What the Hell Happened in the US House of Representatives?
From: BRIEFLY NOTED: For 2023-10-04 We
From:
The explanation that has come closest to convincing me and think is the most likely is that Kevin McCarthy miscalculated twice: (a) he thought that the Democrats in the House would vote against his clean-but-no-Ukraine surprise snap continuing resolution, and (b) he thought that House Democrats would not vote to vacate the chair because they would believe the “I’m lying to my caucus: ultimately I’ll cut the deal you want with you” pitch he made to them, and thus acquiesce in his continued Speakership.

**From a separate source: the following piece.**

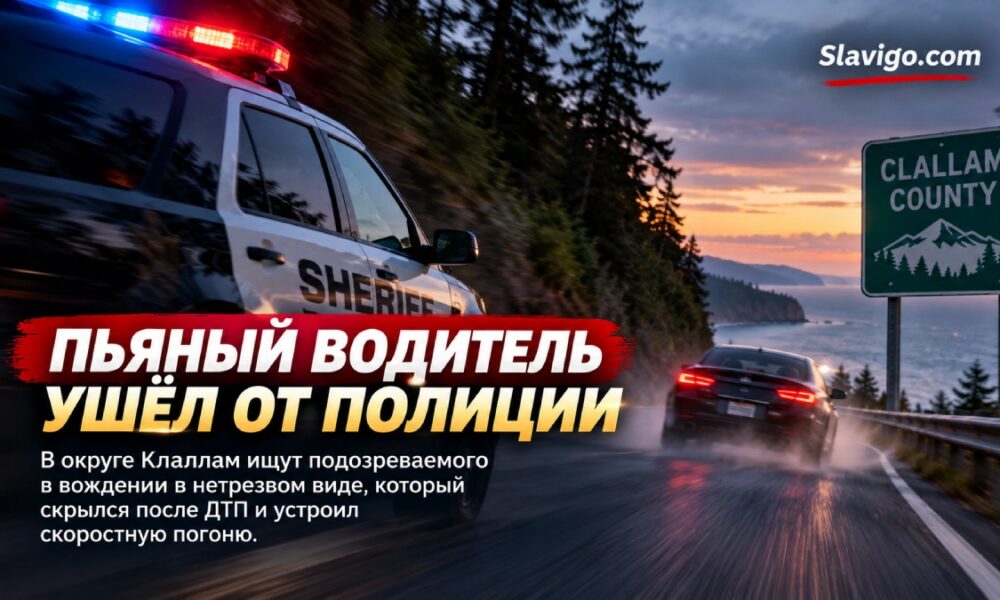 В Clallam County разыскивают водителя после опасной погони и hit-and-run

What would the point have been of getting Democrats to block his clean-but-no-Ukraine surprise snap continuing resolution? It is that in the eyes of Kevin McCarthy and company Ukrainians are the new transsexuals: a set of people whom Democrats can be pinned to be seen to support, and that then it will be easy to use the right-wing grifting media Würlitzer to make that support unpopular. Why can Democrats be pinned to publicly support transsexuals (and Ukrainians). Because the Democrats are not monsters. What was supposed to have happened? House Democrats were supposed, in McCarthy’s mind, to have blocked his continuing resolution. And then Republican legislators and the ight-wing grifting media Würlitzer would have gone to town on “the Democrats shut down the government because they care more about Ukrainians than they do about you”. And McCarthy was surprised when the Democrats did not take the bait:
Aaron Fritschner: ‘On Saturday morning we had no idea what was happening. Scalise told the GOP they were moving bills that signaled imminent shutdown. This is what we expected. Then McCarthy suddenly and unexpectedly did an about face and announced a vote on a CR. We didn't know what to make of it. How to interpret this? McCarthy has resisted doing this all along, the wingnuts threatened to kick him out if he did it and he was running every play at their call. My immediate read was he wanted and expected us to vote against the suspension so we would be blamed for a shutdown…. So in this moment, you look to McCarthy for signals—And what signals is McCarthy sending us? Dems: “We would like to read the $200 billion, 71-page bill we've never seen. You promised 72 hours but we'll settle for 90 minutes.” Dems: “well we are going to take that time, but we are satisfied, we'll pass your bill to help you get out of the jam you created for yourself”. McCarthy: “the Democrats wanted to shut down the government and f*ck the troops!”:
It seems clear to me that McCarthy still has the “the Democrats shut down the government because they would rather pay the Ukrainians than pay our troops” talking point he was going to use after the continuing resolution failed, and never figured out what he really wanted to say once it had succeeded and the Senate—over the strong objections of McConnell, Bennet, and a bunch of others—acquiesced.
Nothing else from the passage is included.